Schumer called that decision "mind-boggling," while Baucus said it showed U.S. currency policy was badly outdated and needed the overhaul the senators have proposed.
The bill would require Treasury to develop a new semi-annual report to determine whether a country's currency is "fundamentally misaligned," regardless of intent.
For nations labeled as a priority country, the legislation would require the U.S. Treasury to immediately seek advice from the International Monetary Fund and key trading partners on how best to address the issue.
It also requires Treasury to oppose any favorable change in IMF governance practices for a targeted country and orders the Commerce Department to take the targeted country's currency practices into consideration when deciding if it qualifies as a "market economy" under U.S. anti-dumping laws.
China has asked to be considered a market economy believing that would lead to lower U.S. anti-dumping duties, which are imposed on foreign goods sold below "fair market" value.
After six months, the bill ratchets up the pressure on countries with misaligned currencies by imposing additional penalties. Those include allowing U.S. companies to seek anti-dumping duties against the country's currency practices, something they can not do now.
If the country has not reformed its currency practices after a year, the U.S. Trade Representative's office would be required to initiate a currency case at the WTO.
The Treasury Department also would be required to consult with the Federal Reserve and other central banks on possible "remedial intervention in currency markets" against the targeted country.

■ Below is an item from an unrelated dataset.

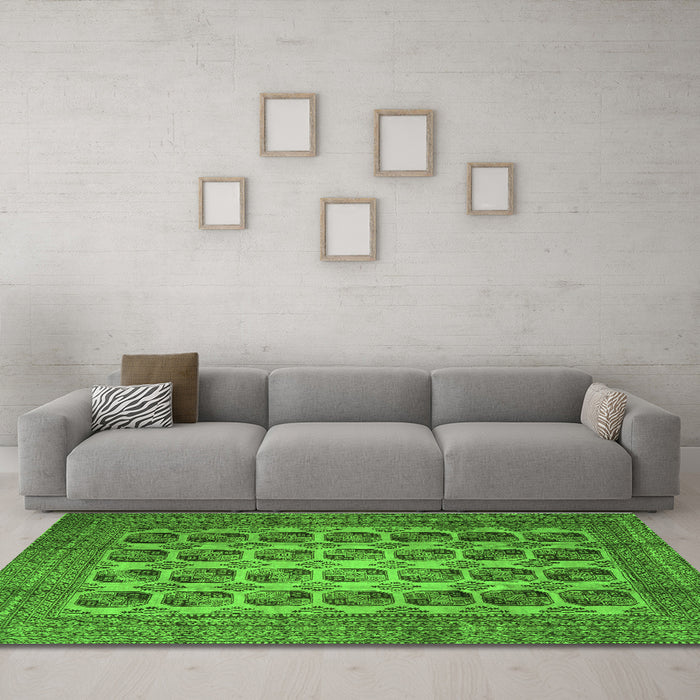 Machine Washable Southwestern Green Country Area Rugs in a Living Room,, wshtr1973grn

"(The bill) gives a good chance for self-correction before penalties ramp up. It's a velvet glove with a steel fist inside," said Grassley. "This will be a very broadly supported bill," said Baucus, who told reporters it could be on the Senate floor for a vote by September. "This is the real deal."
Meanwhile, Schumer predicted the legislation would pass both the Senate and the House of Representatives with a large enough margin to protect it against a presidential veto.
Paulson, who took over Treasury last year, has been trying to persuade Chinese officials that they need to let their currency appreciate more rapidly because protectionist sentiment was on the rise in Congress. The Treasury report pledged to continue to push Beijing on the currency issue.
"Treasury forcefully raises the Chinese exchange rate regime with Chinese authorities at every available opportunity and will continue to do so," the report said.
"China should not hesitate any longer to take far more vigorous action to rebalance its economy, promote immediate RMB movement to tackle the currency's undervaluation, and achieve far greater flexibility in the exchange rate regime," it said.
Treasury officials said they were still studying the bill. Paulson, who got a telephone briefing on Wednesday on the legislation, has previously said Treasury has all the tools it needs to press China on the currency reform.